(Source records)
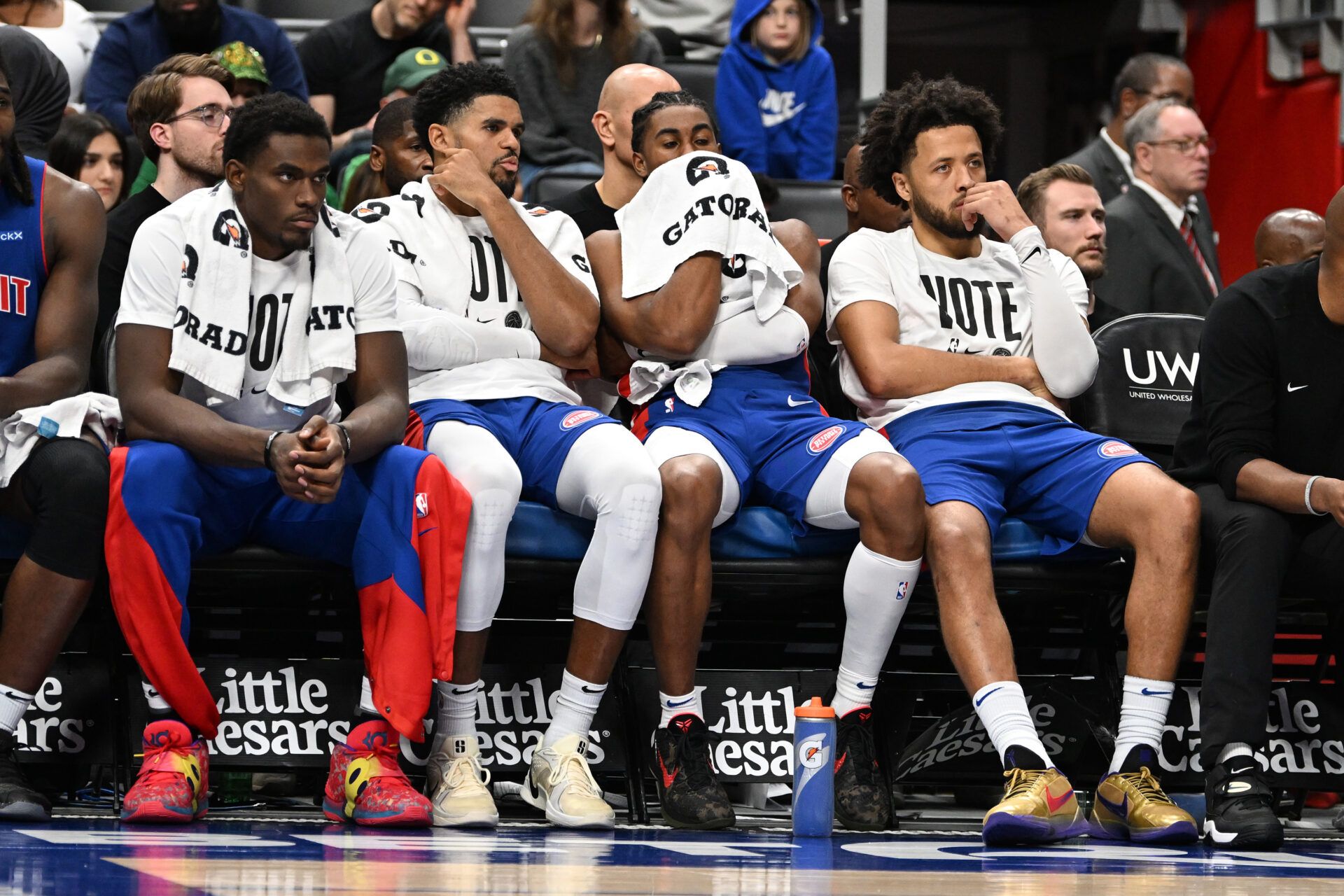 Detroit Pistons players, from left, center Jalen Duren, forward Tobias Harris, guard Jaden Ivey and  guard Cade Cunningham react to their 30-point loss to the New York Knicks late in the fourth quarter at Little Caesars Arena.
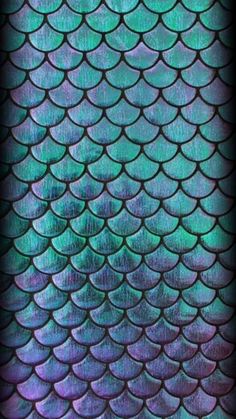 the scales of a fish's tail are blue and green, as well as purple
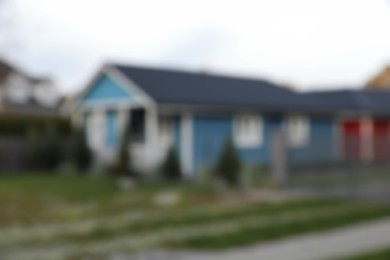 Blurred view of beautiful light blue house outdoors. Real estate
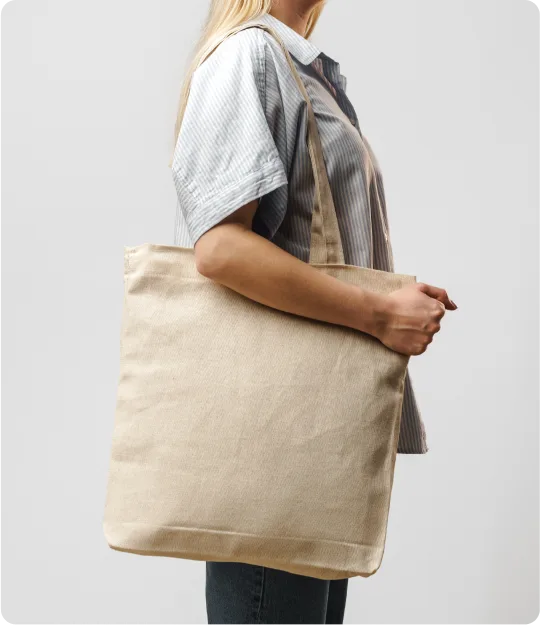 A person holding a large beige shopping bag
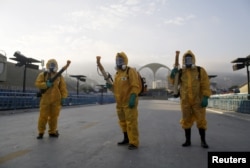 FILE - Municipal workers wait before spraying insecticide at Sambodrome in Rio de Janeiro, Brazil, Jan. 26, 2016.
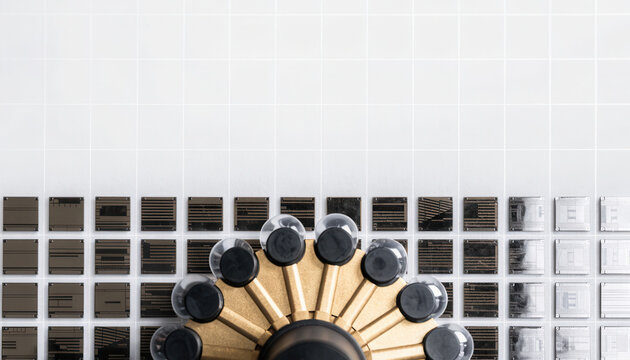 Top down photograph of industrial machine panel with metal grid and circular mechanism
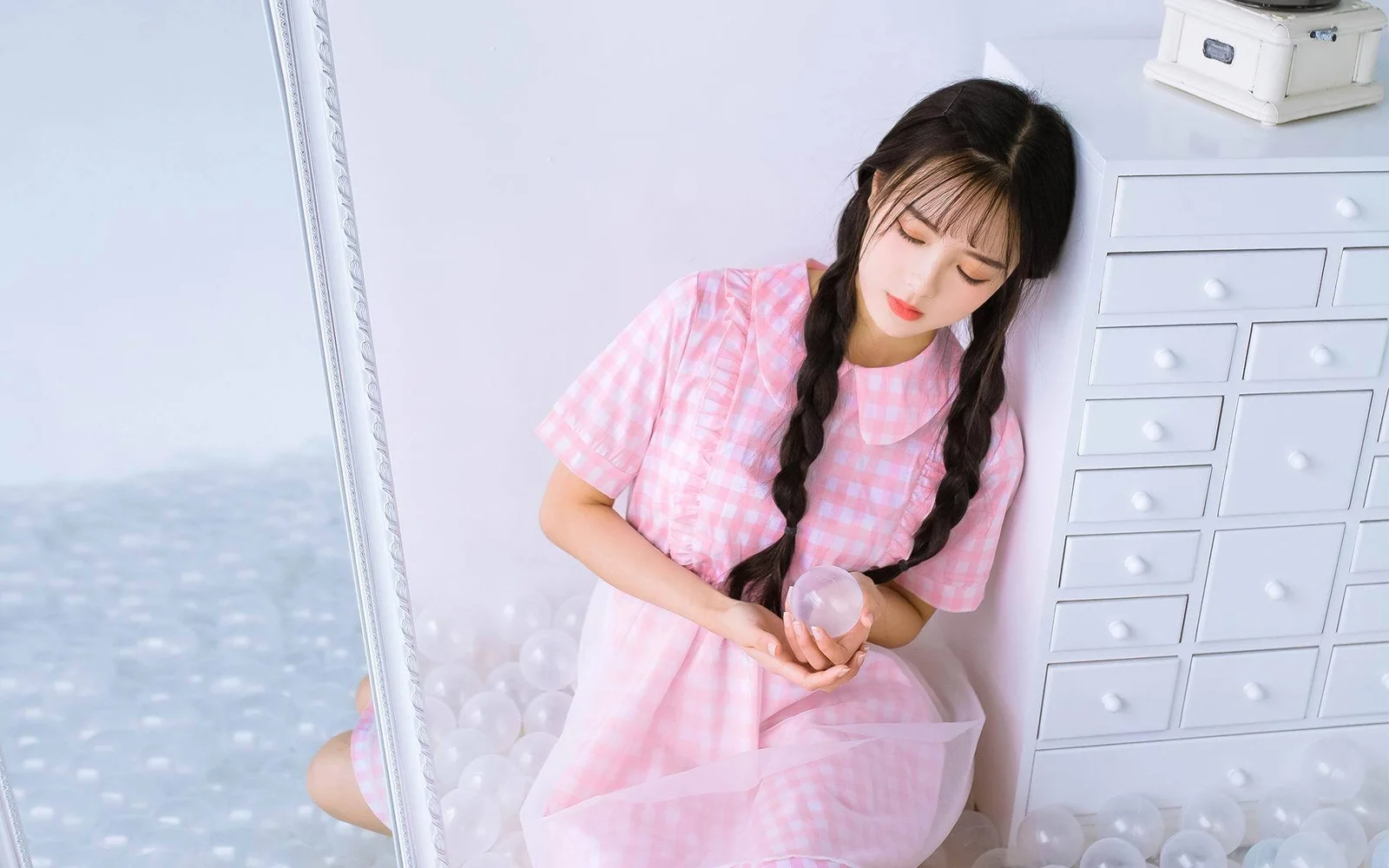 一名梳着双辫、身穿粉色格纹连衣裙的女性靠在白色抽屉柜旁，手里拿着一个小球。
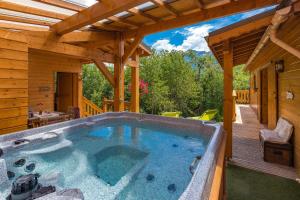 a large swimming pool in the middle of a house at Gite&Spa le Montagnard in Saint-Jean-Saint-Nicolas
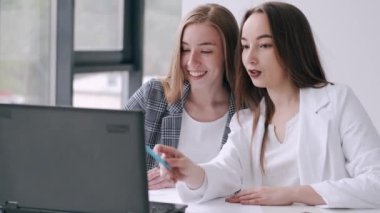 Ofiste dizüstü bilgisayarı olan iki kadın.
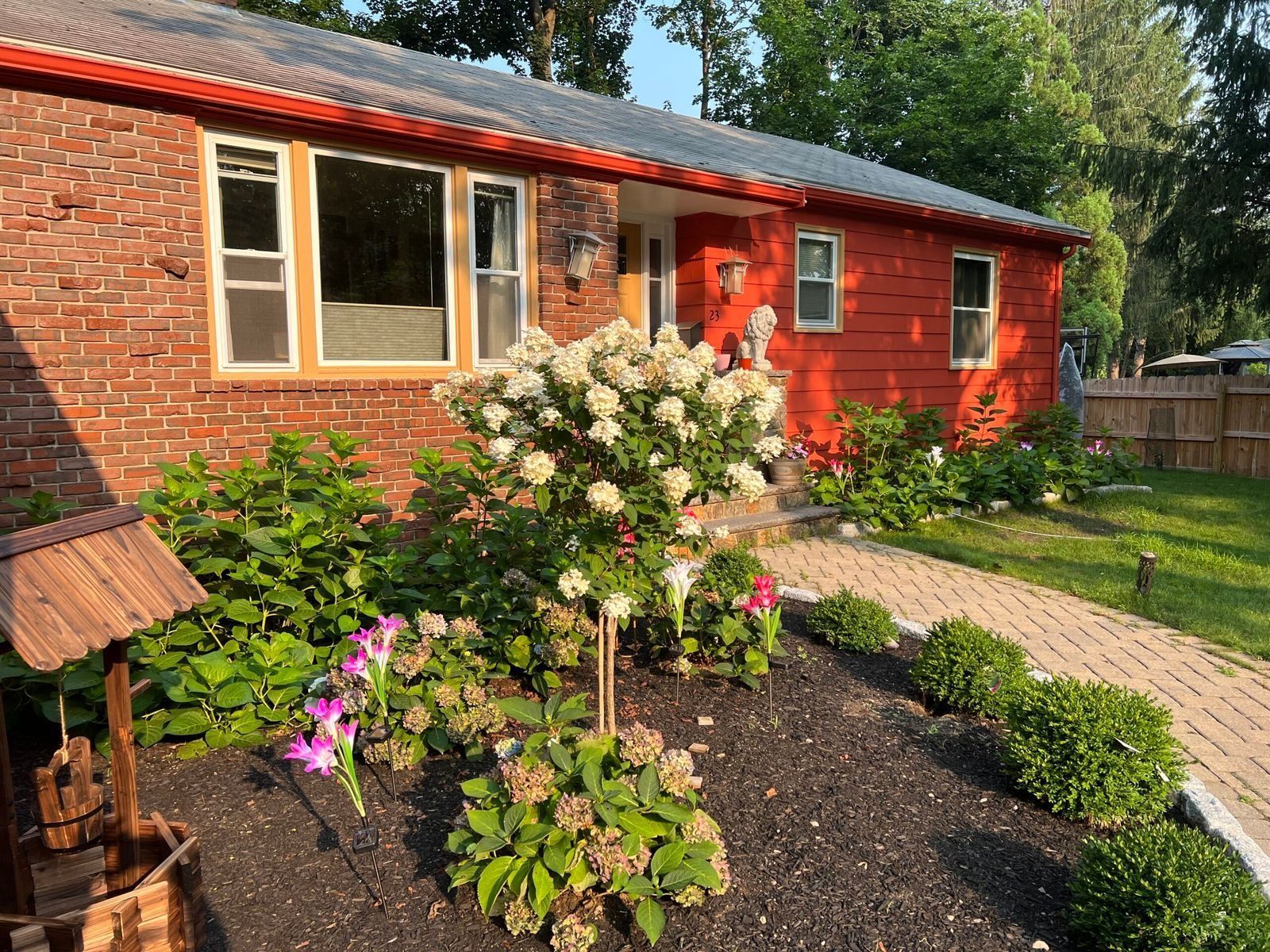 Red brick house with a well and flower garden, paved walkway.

Aim of the task: For this answer, return word for word the lines from the first line of the records through the line containing "a large swimming". Omit the pictures.

Exercise output:
 Detroit Pistons players, from left, center Jalen Duren, forward Tobias Harris, guard Jaden Ivey and  guard Cade Cunningham react to their 30-point loss to the New York Knicks late in the fourth quarter at Little Caesars Arena.
 the scales of a fish's tail are blue and green, as well as purple
 Blurred view of beautiful light blue house outdoors. Real estate
 A person holding a large beige shopping bag
 FILE - Municipal workers wait before spraying insecticide at Sambodrome in Rio de Janeiro, Brazil, Jan. 26, 2016.
 Top down photograph of industrial machine panel with metal grid and circular mechanism
 一名梳着双辫、身穿粉色格纹连衣裙的女性靠在白色抽屉柜旁，手里拿着一个小球。
 a large swimming pool in the middle of a house at Gite&Spa le Montagnard in Saint-Jean-Saint-Nicolas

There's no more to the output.